### What to do
Every line of the listing must be reproduced as it stands. Leave the images behind.

### Available data
○ ○ ○ ○ ○

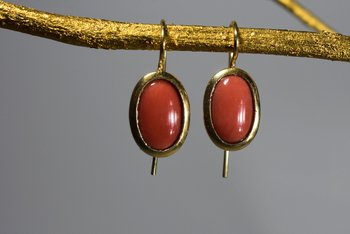 Orecchini di corallo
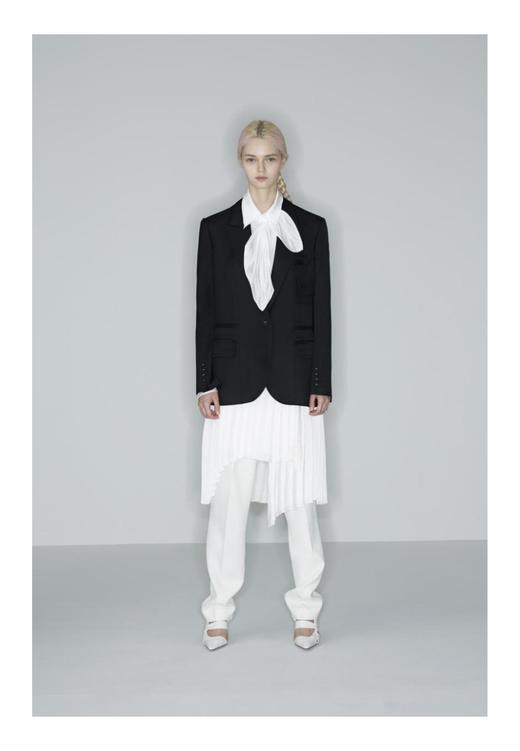 装饰胸兜直筒西服 商品图1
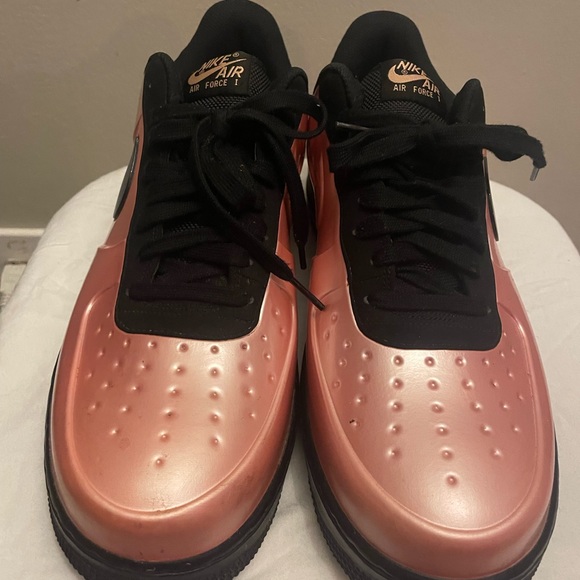 Nike - Picture 2 of 4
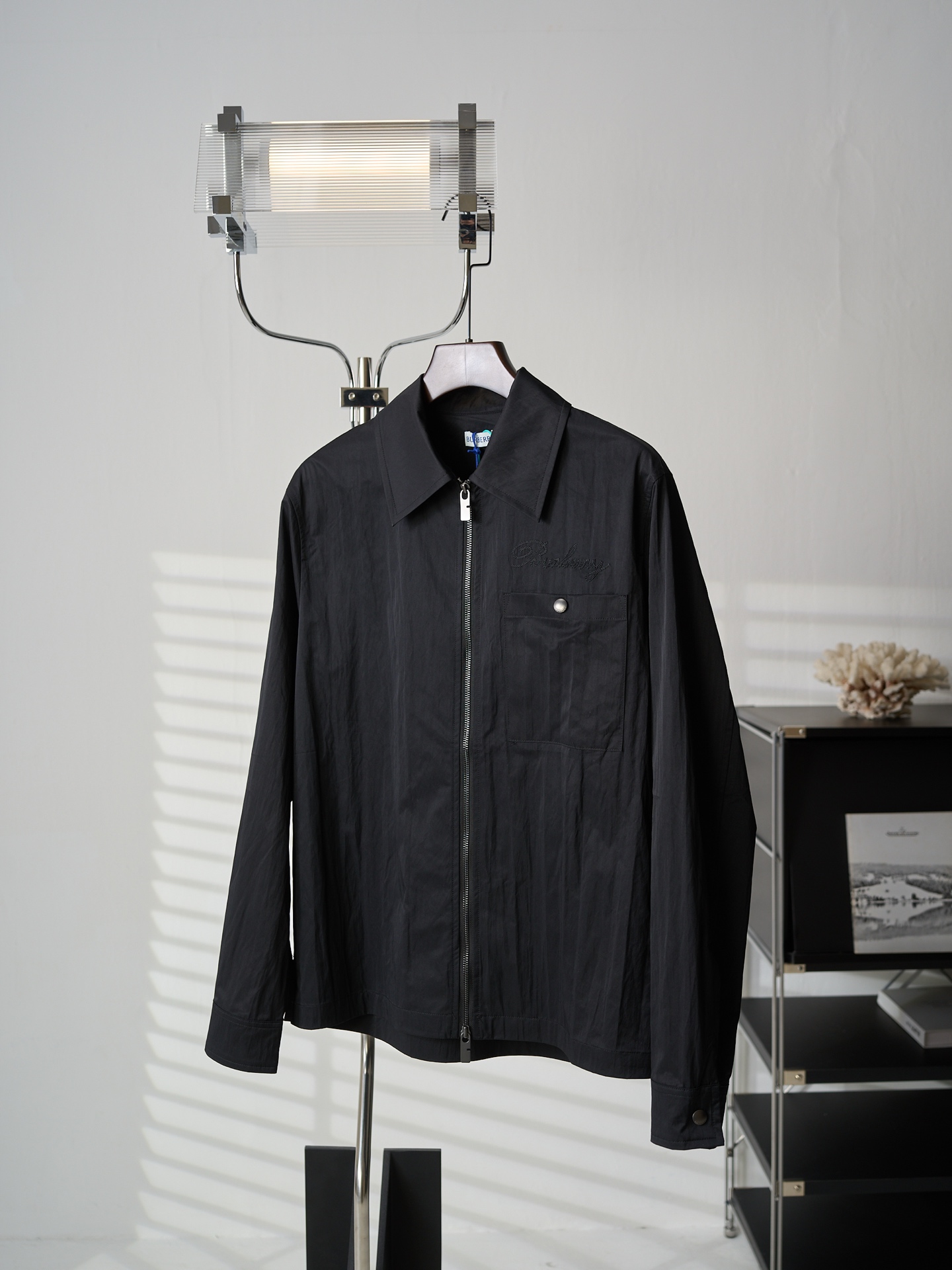 Burberry 尼龙梭织字母刺绣外套式衬衫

○ ○ ○ ○ ○

### Response to the task
 Orecchini di corallo
 装饰胸兜直筒西服 商品图1
 Nike - Picture 2 of 4
 Burberry 尼龙梭织字母刺绣外套式衬衫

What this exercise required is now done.